• _ASSIGNED TASK_
What is needed is an exact reproduction of the lines from the one that contains "Brown Bear Painting, Wild" through the end of the data, both included and nothing else, with pictures omitted.

[Web page caption snippets]
○ ○ ○

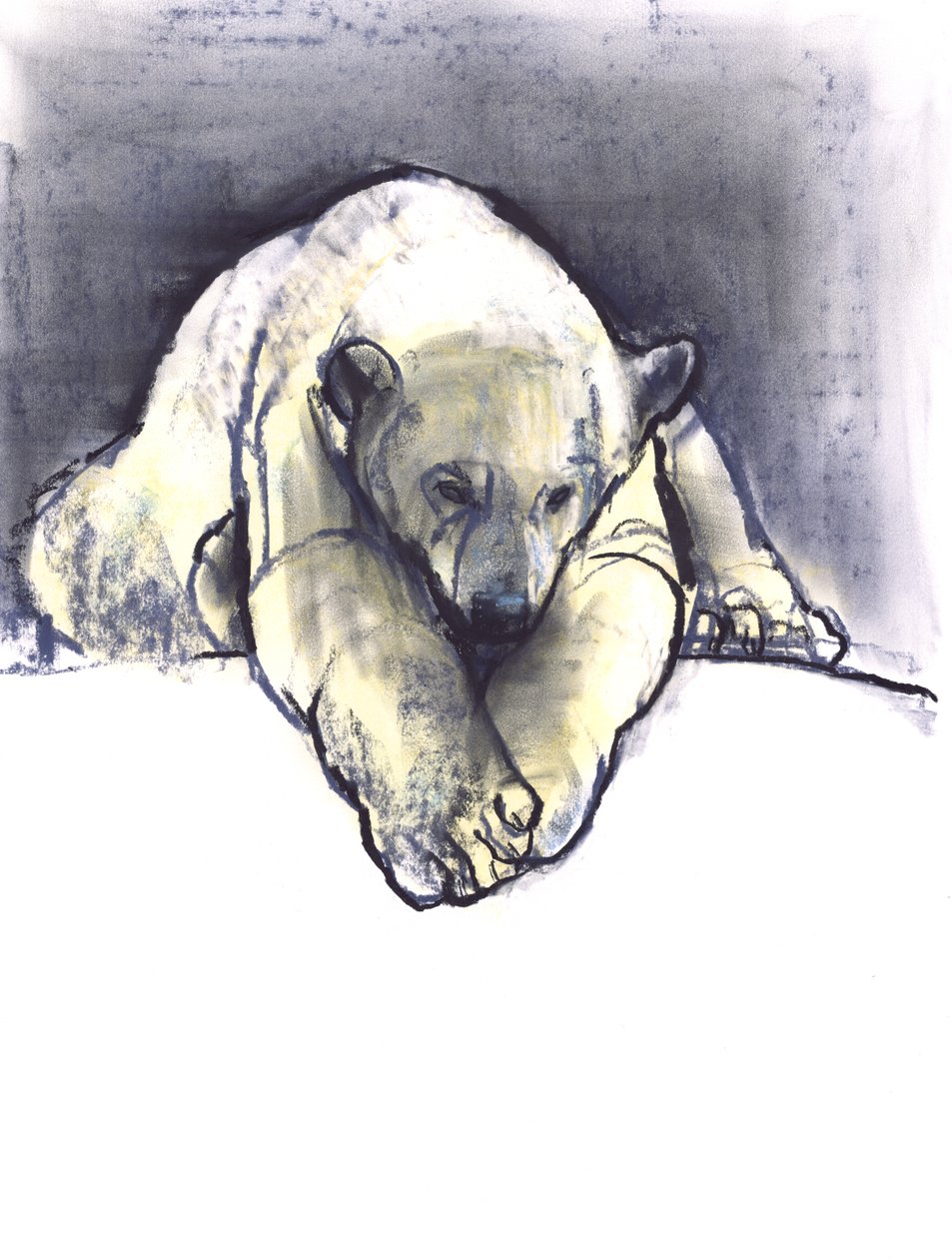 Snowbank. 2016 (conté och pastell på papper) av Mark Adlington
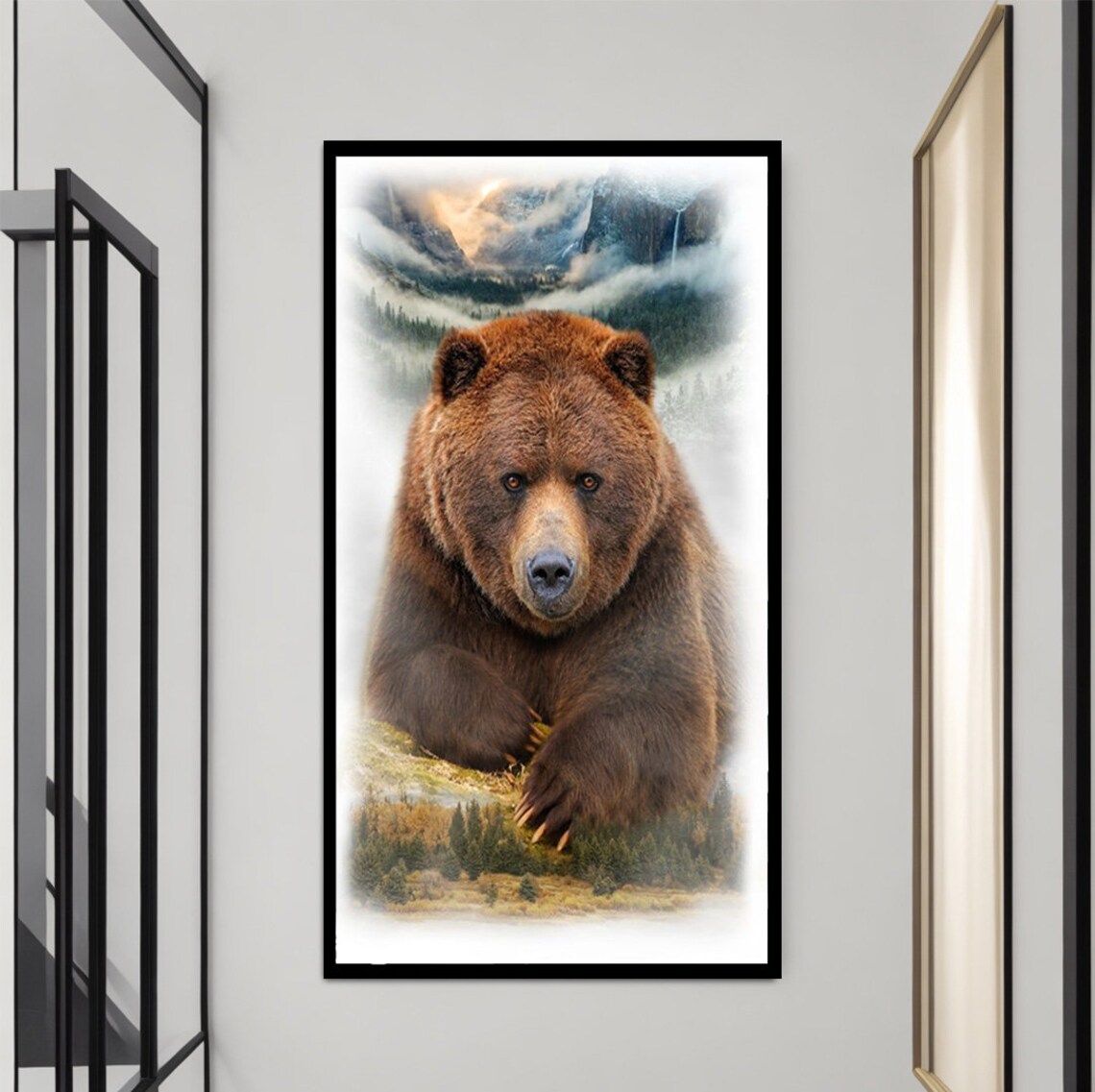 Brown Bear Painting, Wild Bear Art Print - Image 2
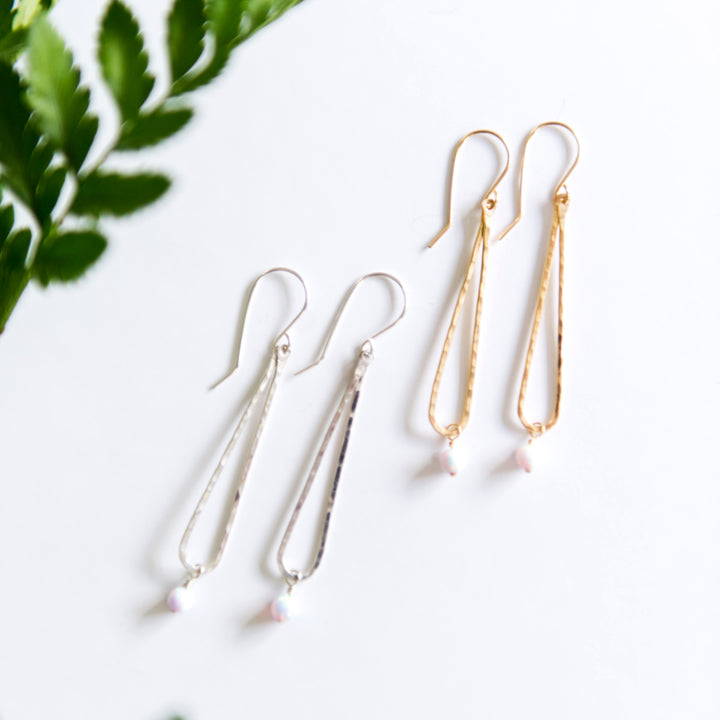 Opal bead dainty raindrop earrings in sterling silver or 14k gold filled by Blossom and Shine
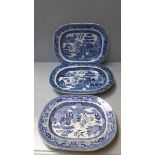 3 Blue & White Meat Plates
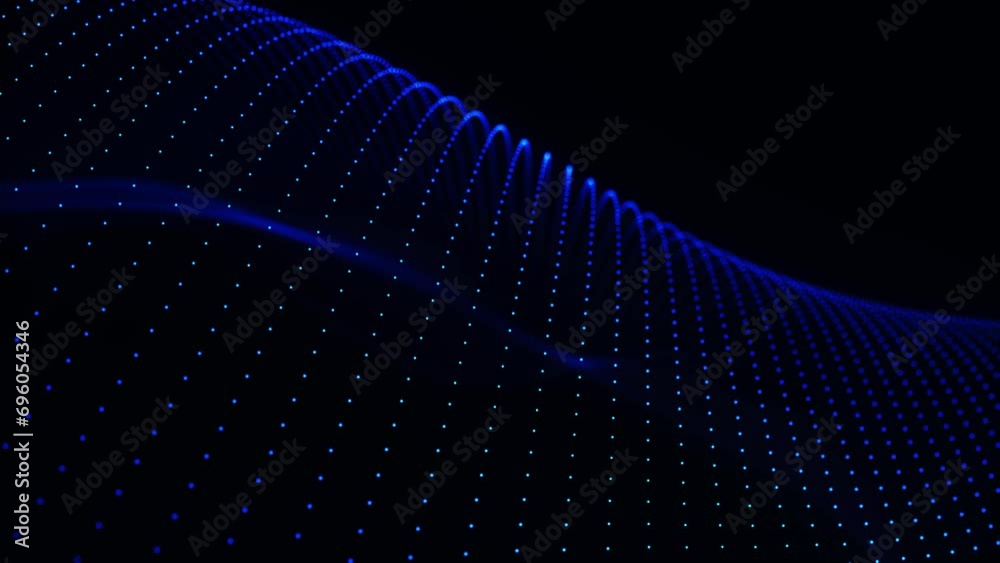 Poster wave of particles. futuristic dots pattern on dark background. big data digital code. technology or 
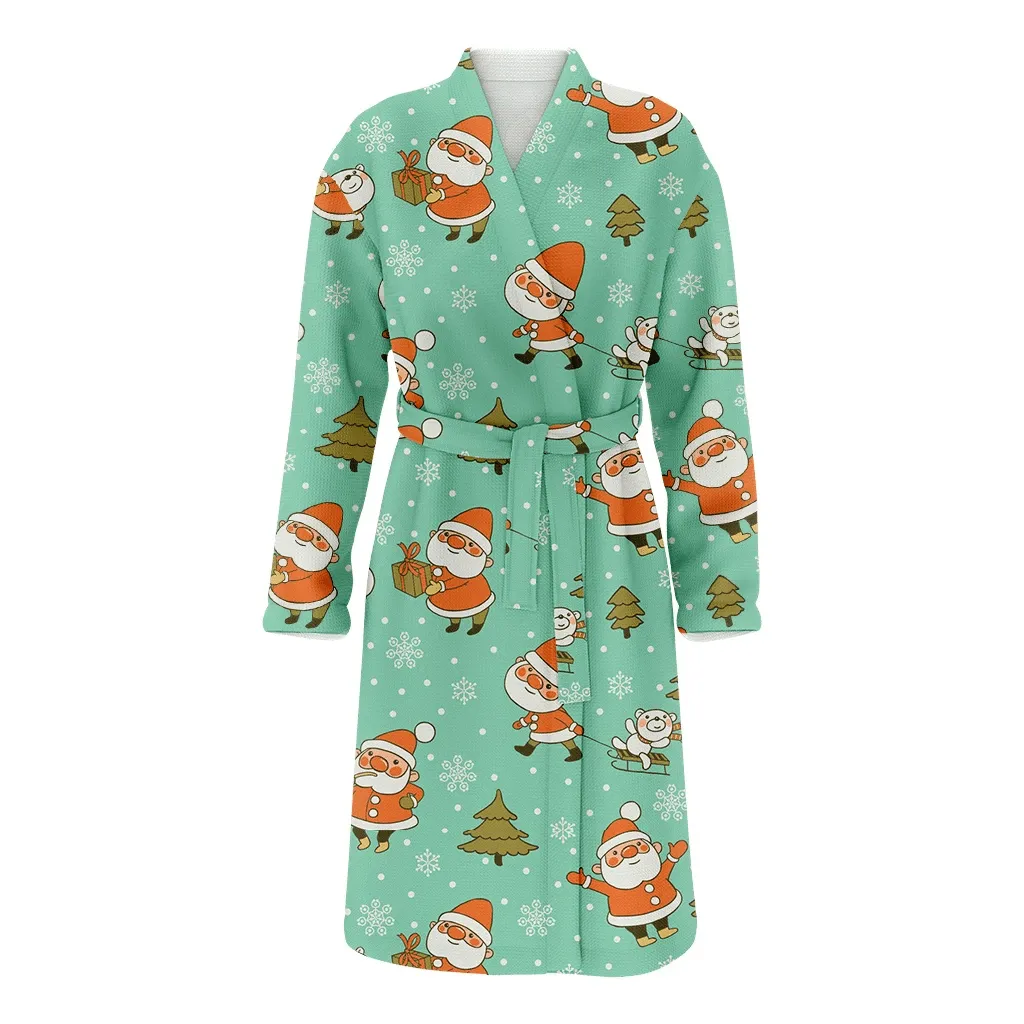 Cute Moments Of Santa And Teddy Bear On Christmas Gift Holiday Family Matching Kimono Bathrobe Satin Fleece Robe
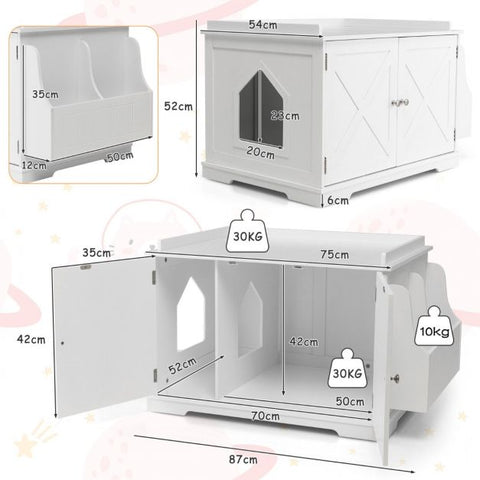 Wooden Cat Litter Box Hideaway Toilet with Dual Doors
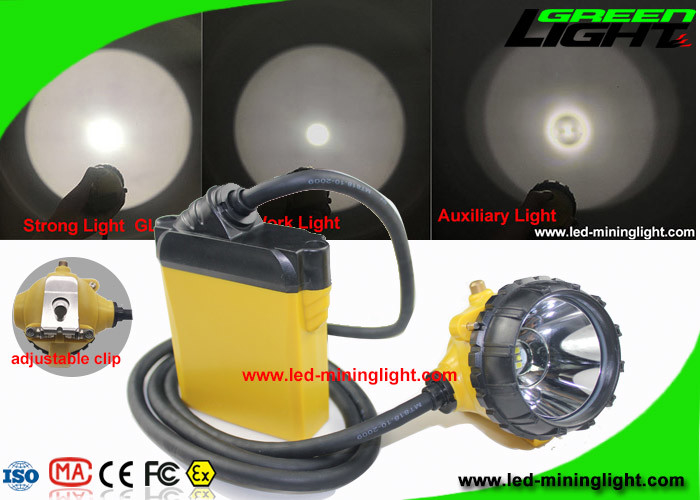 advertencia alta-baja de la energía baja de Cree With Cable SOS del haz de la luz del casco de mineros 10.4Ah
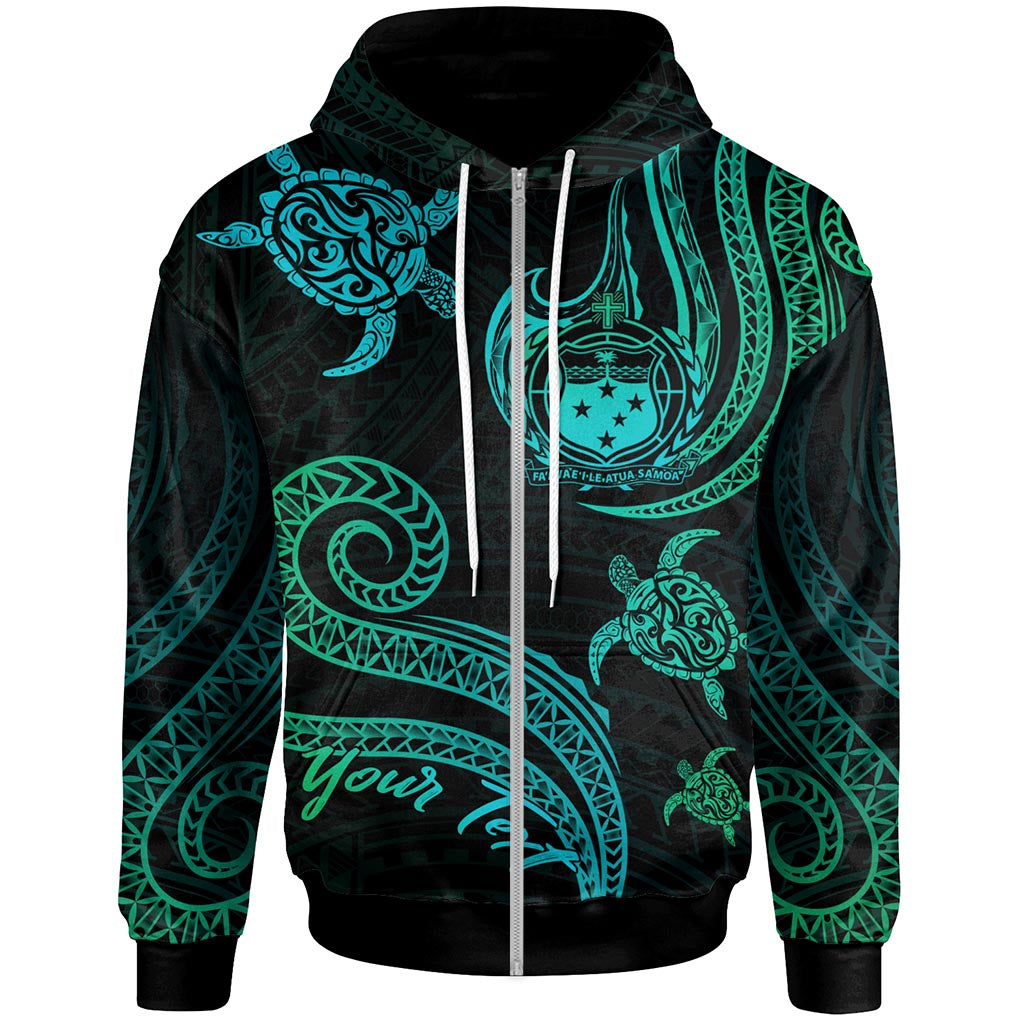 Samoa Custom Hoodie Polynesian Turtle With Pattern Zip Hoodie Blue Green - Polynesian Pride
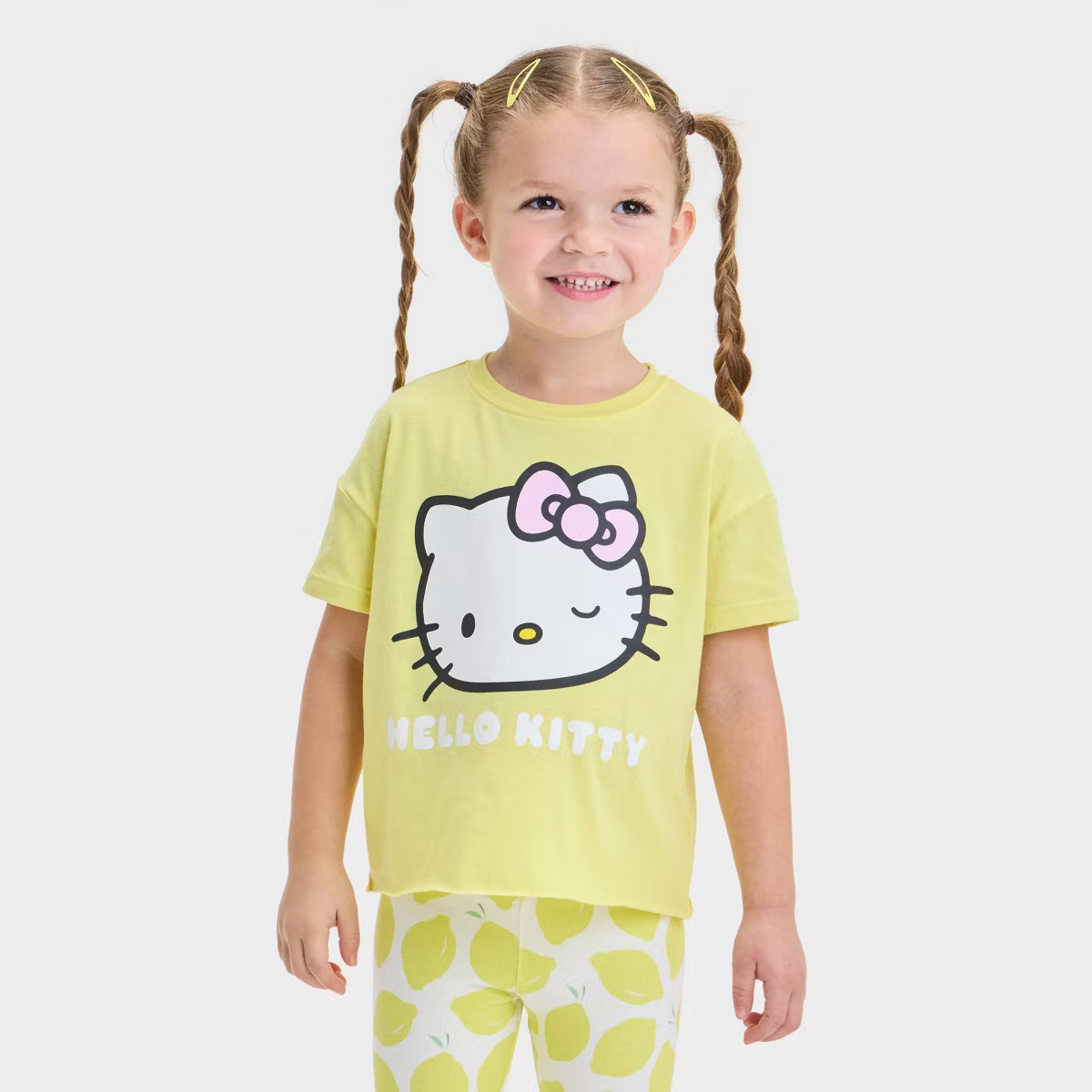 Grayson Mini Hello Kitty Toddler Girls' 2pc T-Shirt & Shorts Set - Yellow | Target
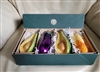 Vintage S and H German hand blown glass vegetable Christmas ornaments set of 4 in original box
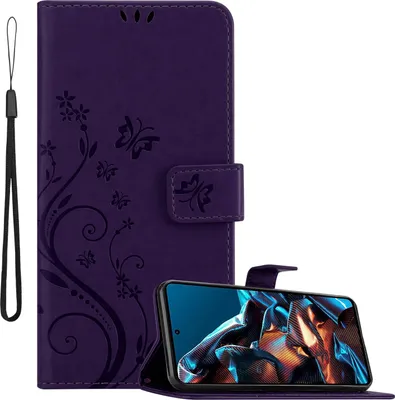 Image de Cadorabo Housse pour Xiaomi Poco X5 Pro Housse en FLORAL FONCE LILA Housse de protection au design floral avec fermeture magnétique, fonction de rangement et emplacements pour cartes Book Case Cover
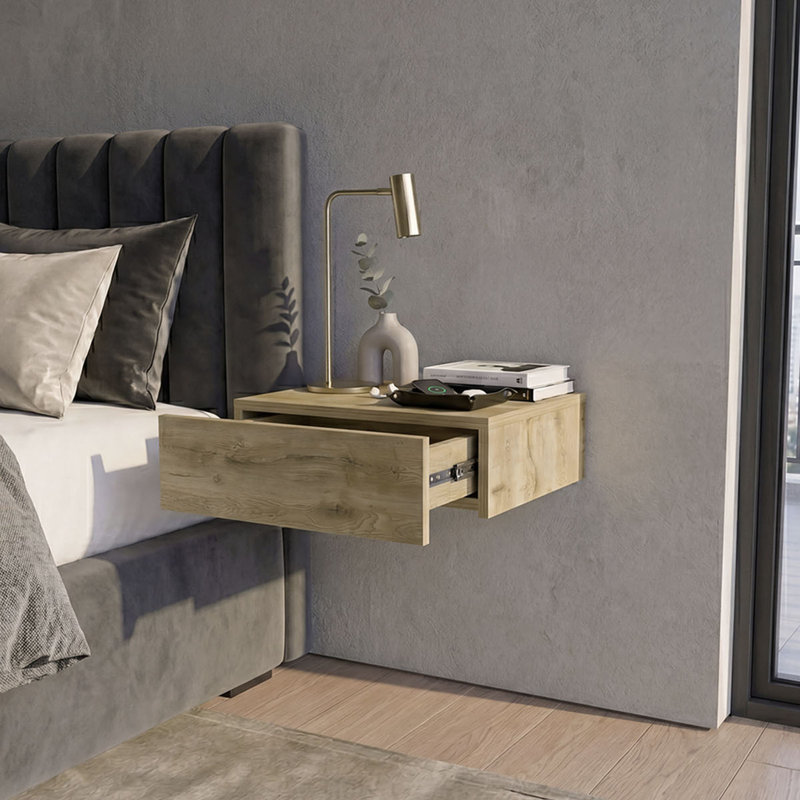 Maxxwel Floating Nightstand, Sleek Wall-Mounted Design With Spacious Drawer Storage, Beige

○ ○ ○

• _EXPECTED ANSWER_
 Brown Bear Painting, Wild Bear Art Print - Image 2
 Opal bead dainty raindrop earrings in sterling silver or 14k gold filled by Blossom and Shine
 3 Blue & White Meat Plates
 Poster wave of particles. futuristic dots pattern on dark background. big data digital code. technology or 
 Cute Moments Of Santa And Teddy Bear On Christmas Gift Holiday Family Matching Kimono Bathrobe Satin Fleece Robe
 Wooden Cat Litter Box Hideaway Toilet with Dual Doors
 advertencia alta-baja de la energía baja de Cree With Cable SOS del haz de la luz del casco de mineros 10.4Ah
 Samoa Custom Hoodie Polynesian Turtle With Pattern Zip Hoodie Blue Green - Polynesian Pride
 Grayson Mini Hello Kitty Toddler Girls' 2pc T-Shirt & Shorts Set - Yellow | Target
 Vintage S and H German hand blown glass vegetable Christmas ornaments set of 4 in original box
 Image de Cadorabo Housse pour Xiaomi Poco X5 Pro Housse en FLORAL FONCE LILA Housse de protection au design floral avec fermeture magnétique, fonction de rangement et emplacements pour cartes Book Case Cover
 Maxxwel Floating Nightstand, Sleek Wall-Mounted Design With Spacious Drawer Storage, Beige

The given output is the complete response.